__Action item__
Filter the material below down to the lines with the word "Gown" and give those lines.

__Data supplied__
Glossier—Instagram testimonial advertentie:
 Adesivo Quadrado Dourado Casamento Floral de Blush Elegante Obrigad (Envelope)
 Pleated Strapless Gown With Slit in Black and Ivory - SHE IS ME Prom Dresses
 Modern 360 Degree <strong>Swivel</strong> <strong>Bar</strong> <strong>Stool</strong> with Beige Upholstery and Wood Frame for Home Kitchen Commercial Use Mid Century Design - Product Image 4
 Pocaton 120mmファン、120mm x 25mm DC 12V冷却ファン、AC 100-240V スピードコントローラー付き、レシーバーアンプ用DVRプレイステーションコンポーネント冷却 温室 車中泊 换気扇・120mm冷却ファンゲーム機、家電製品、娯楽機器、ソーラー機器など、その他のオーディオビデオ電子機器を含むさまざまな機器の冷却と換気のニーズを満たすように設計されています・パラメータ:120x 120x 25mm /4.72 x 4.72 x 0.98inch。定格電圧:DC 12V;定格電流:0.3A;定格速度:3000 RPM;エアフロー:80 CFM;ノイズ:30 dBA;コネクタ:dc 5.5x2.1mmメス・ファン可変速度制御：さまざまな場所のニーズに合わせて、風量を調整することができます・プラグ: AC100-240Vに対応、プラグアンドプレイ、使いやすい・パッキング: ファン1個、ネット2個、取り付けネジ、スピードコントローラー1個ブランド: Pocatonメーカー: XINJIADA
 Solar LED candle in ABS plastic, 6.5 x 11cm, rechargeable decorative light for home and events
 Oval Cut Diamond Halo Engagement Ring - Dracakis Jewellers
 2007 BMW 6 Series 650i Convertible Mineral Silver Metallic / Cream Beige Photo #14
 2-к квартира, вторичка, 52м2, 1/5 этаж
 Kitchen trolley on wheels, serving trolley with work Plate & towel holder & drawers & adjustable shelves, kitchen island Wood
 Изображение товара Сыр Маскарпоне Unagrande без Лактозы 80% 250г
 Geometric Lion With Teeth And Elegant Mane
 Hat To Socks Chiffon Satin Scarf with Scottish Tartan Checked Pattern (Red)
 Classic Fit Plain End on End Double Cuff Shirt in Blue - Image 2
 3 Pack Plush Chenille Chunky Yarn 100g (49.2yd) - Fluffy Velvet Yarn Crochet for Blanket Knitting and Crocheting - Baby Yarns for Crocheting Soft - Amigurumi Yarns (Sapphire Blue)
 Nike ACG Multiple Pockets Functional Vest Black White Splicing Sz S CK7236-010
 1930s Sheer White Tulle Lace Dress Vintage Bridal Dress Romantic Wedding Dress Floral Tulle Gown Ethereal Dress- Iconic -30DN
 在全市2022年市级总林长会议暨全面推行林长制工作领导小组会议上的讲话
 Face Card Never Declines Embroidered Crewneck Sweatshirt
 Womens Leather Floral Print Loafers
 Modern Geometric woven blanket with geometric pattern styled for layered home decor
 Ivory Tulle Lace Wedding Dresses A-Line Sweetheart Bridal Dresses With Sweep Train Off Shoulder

__Response__
 Pleated Strapless Gown With Slit in Black and Ivory - SHE IS ME Prom Dresses
 1930s Sheer White Tulle Lace Dress Vintage Bridal Dress Romantic Wedding Dress Floral Tulle Gown Ethereal Dress- Iconic -30DN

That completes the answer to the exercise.